When I was in high school, I wrote a book report for my English class. The book I chose was Hemingway's A Farewell to Arms. I was asked to meet with my teacher and a school administrator shortly after the day the paper was due. They wanted to know where I got the book. I told them I checked it out of the public library.
"Do your parents know that you were reading this book?"
"I don't know. My parents let me read anything I want. They encouraged me to go to the library."
"Then who gave you permission to read such a book?"
"No one. I just took it and read it. Why?"
"Don't you know the book has vulgar language and sex?"
"Yes. I know that. After all, I read the book. But I didn't read it because of that stuff."
"Then why did you read it?"
"Because I like the way the author writes, and I had to do a report on a book by an American author."
Well, to make a long story short, the report was not acceptable. I had to choose something more appropriate. In the meantime, I could expect a lower grade for the marking period.
I did not sneak the book out of the public library into my house. As I stated, my parents gave me the freedom to choose books that appealed to my interests and that would hold my attention. Hemingway was that kind of author. But he was too contemporary at the time. This was the type of book available through Book of the Month Club and was for adults. And besides, the book's popularity would probably disappear quickly.
I know the feeling of being censored and can empathize with those who have heard or read about incidents. Many articles have appeared on various aspects of censorship. I have chosen to write about a few cases that have affected me while I have served on intellectual freedom committees of the International Reading Association and/or the National Council of Teachers of English. All of these are genuine.
Invited to speak at a state meeting about censorship, I was prepared to talk about issues, cases, and to make suggestions for preventing or handling censorship actions. It was a lively session, well attended, and the audience was very responsive.
Following the meeting, I started to pack my briefcase. A gentleman approached and introduced himself as a principal-teacher in a small rural community. He had kind words about my session, and then he went on to tell me the following story:
One day an English teacher in his school was standing by her classroom door, waiting for her students to enter. She overheard three girls discussing enthusiastically a movie they had seen over the weekend, The Color Purple. The teacher commented that she had seen and enjoyed the movie also. She added that it was based on a book written by Alice Walker. She then went on teach what had been assigned for homework.

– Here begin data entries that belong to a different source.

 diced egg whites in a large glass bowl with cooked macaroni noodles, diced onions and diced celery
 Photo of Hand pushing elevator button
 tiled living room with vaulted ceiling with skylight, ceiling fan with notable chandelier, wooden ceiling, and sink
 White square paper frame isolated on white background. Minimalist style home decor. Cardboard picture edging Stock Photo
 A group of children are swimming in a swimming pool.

The gentleman speaking to me told me that later that afternoon his telephone rang, and a person asked for meeting to be held with several parents, the English teacher and the principal. The principal replied courteously that he would be happy to meet with the group and was sure that he and the teacher could meet the following day after classes were out. All agreed.

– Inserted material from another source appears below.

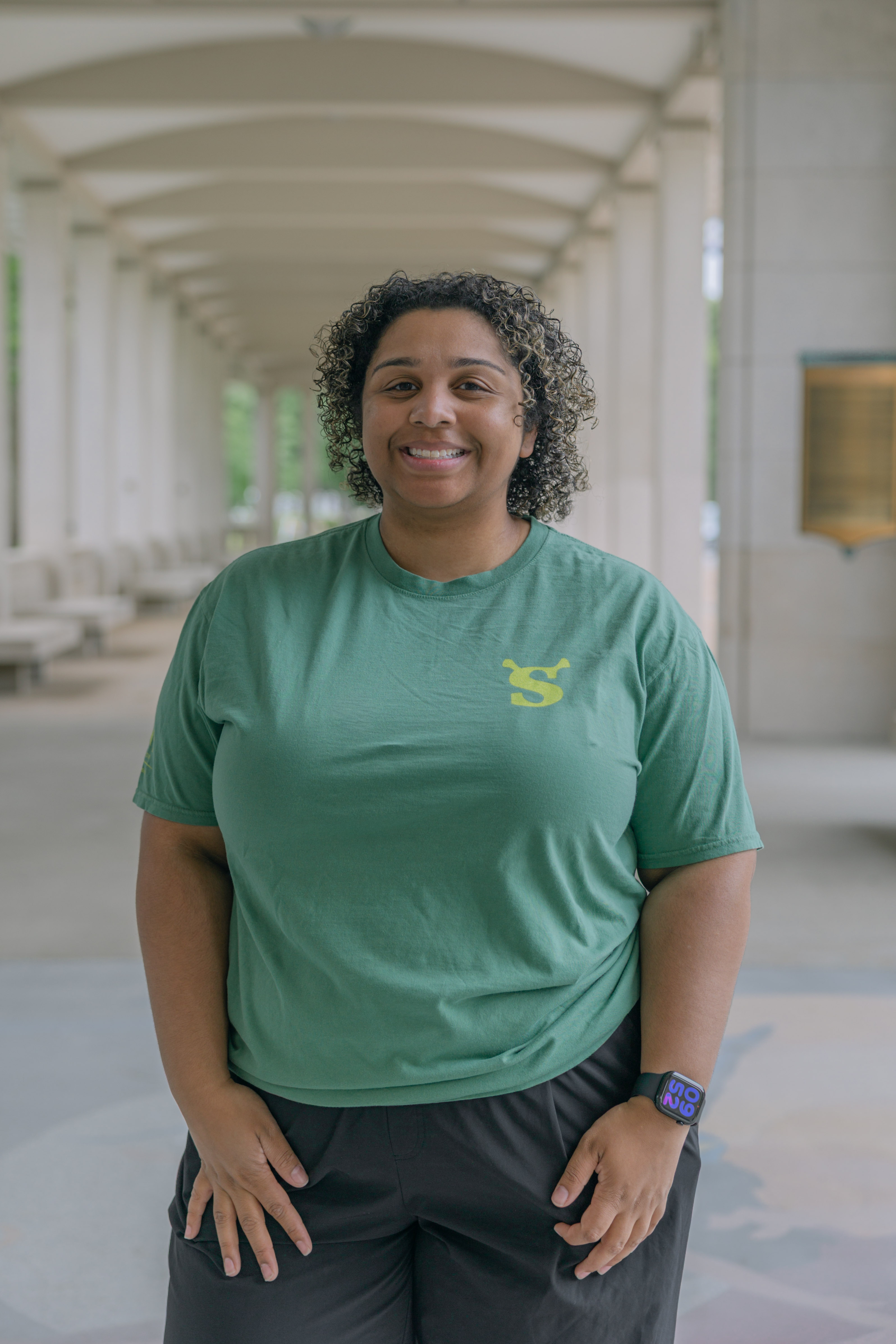 A person with short curly hair smiles in a covered outdoor walkway, wearing the Shrek Show Shirt (Adult Sizes). The green shirt features a yellow logo, and they also sport a blue watch. Columns and benches appear in the background.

Six parents arrived, and a couple was carrying paper bags with them. After greetings were exchanged, one of the parents asked the teacher if she had talked about a book, The Color Purple. The teacher told the parents the circumstances under which she had mentioned the book. "I heard the girls talking about seeing the movie, and I just mentioned that it was based on a book. That's all."
A parent asked the teacher if she knew how sinful the book was, if she knew what the book was about.
The teacher admitted that she had read the book and did not feel that the book was vulgar or sinful.
A parent then asked if the board of education had approved the book for use in the school.
The principal indicated that the book had never been submitted for approval.
The teacher interrupted to indicate that she had never recommended the book as part of the school curriculum, and she had never mentioned to the class that this was a book they should read. Her comment came after she overheard some girls talking about how much they had enjoyed seeing the movie.
A parent then stated that the teacher might not be "pure" enough to work with students in this school. The fact that she had made such a comment to these girls might be an indication that there was an evil force within her.
The parents now wanted the approval of the principal to test the purity of the teacher. Those who had brought the bags with them revealed that each bag contained a snake. They wanted the teacher to spend the night in her classroom with the snakes; if she were to survive the next morning, then they would know she was pure enough to be with students.
Of course, the principal denied the request, and indicated that he would have a conference with the teacher and straighten out their concerns. The parents were angry with that response, and they indicated he might hear further form them and others.
The parents left with their bags.
The principal and the teacher spoke, and both agreed never to mention anything that was not in the curriculum guide or in the textbooks.
The teacher was petrified by the experience. Yes, she was still at that school. Her husband had a job in the area, and she could not afford to relocate.
In conclusion, the principal said she was one of the best teachers on his staff. The students really loved her. But to this day, she will never express her opinion on anything that is not in her textbooks.
"By the way, Dr. Weiss, what would you recommend in a case like this?"
A former student of mine had taken a young adult literature class in which Robin Brancato had come and talked about her books. The former student was a remedial reading teacher in a small community in New Jersey. This teacher was dynamic and creative. She had developed a small library for her classroom. When her students came in, she encouraged them to look at the books, and if anyone wanted to check out a book, she would let that person do so.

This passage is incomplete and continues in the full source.